Obama Hiroshima trip to overshadow G7 economic talks

TOKYO, (APP/AFP) – The lacklustre global economy should
take centre stage as world leaders gather in Japan this week, but with no agreement likely on igniting growth, Barack Obama’s visit to the atomic-bombed city of Hiroshima looks set to capture the limelight.
A gathering Chinese slowdown, weak oil prices and the looming threat
of Britain’s exit from the European Union will provide the backdrop for the
meeting of the Group of Seven.
Waiting in the wings for the club of rich democracies is the familiar
litany of problems: Islamist terrorism, the disintegrating states of the Middle East and Europe’s refugee crisis.
Each member of the G7 will bring their own issues and their own
solutions to the gathering at Ise-Shima, 300 kilometres (200 miles) southwest of Tokyo.
But differences on how to breathe life into the world economy —
whether to boost spending, as favoured by hosts Japan, or to follow Germany’s prescription and cut debt — mean a unified response is unlikely to emerge.
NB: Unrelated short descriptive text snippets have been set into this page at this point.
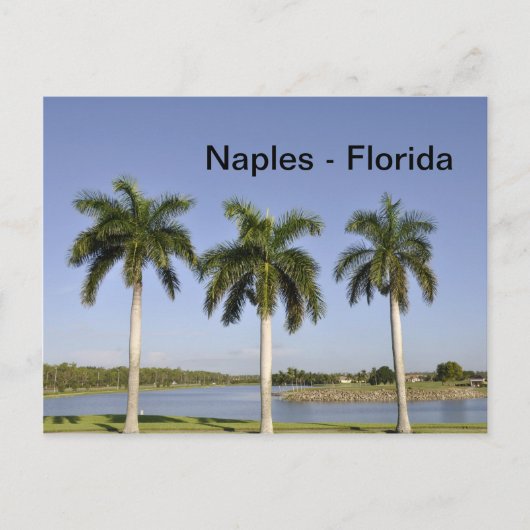 Neapel Florida Postkarte (Vorderseite)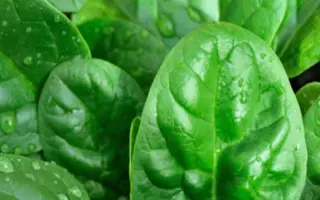 МАТАДОР / MATADOR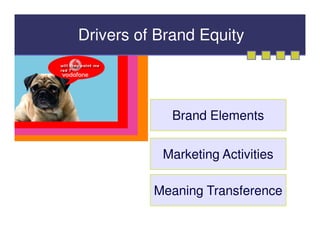 Drivers of Brand Equity



             Brand Elements

           Marketing Activities

          Meaning Transference
 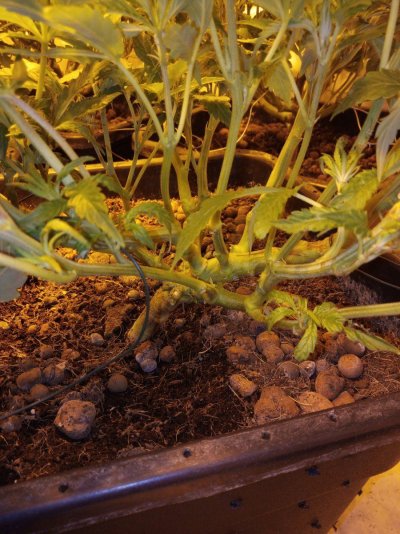 small-bushy-plants-fimmed--help-2.jpg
“The reality is the global economy is weak, uncertain and
unbalanced,” said Matthew Goodman, senior adviser for Asian economics at the Center for Strategic and International Studies.
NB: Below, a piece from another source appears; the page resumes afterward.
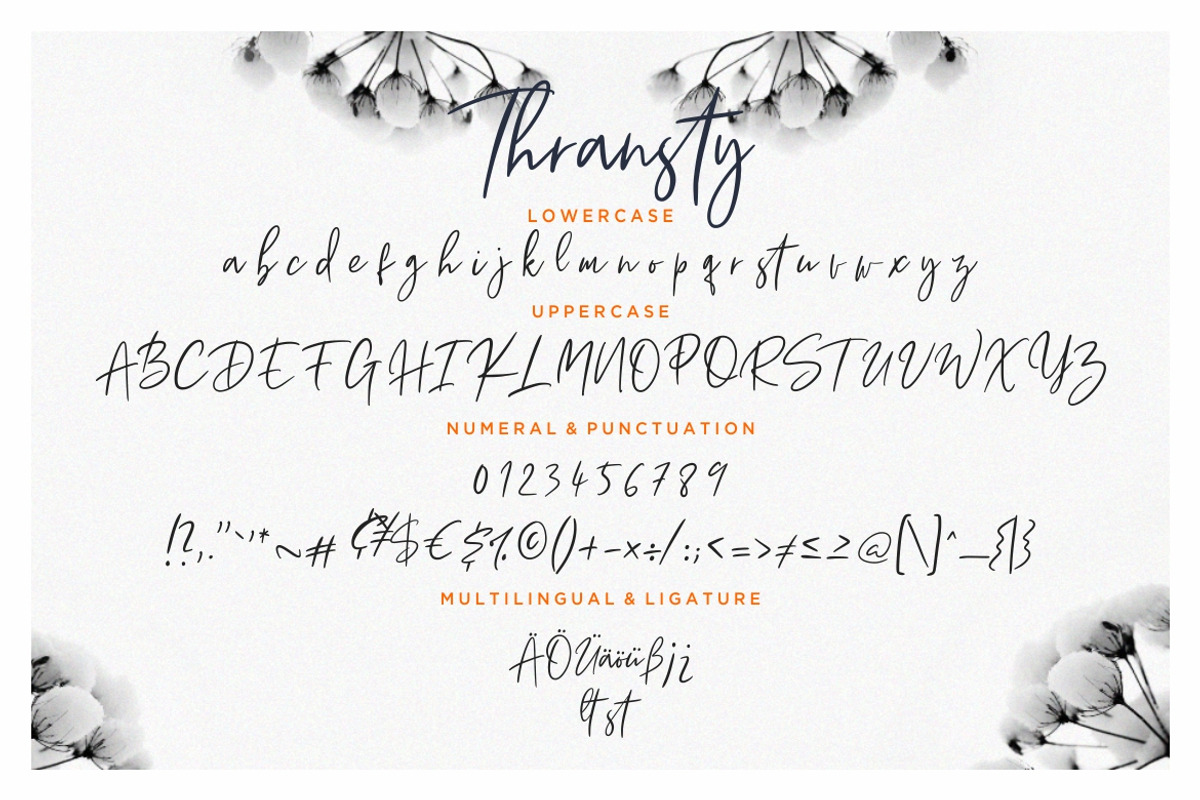 Thransty Handwritten Business Font preview 7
“And so that’s their really top issue… how to get growth going.”
A weekend meeting of G7 finance and central bank chiefs in Japan
could only agree that individual nations should act in their own best interest, highlighting the difficulties they face in forging policy consensus.
Japanese Prime Minister Shinzo Abe, the summit host, has struggled to
jump-start his own economy after more than three years in office.
That’s despite a kit of unconventional policy tools including
unprecedented easing and a negative interest rate that has also been tried by the European Central Bank.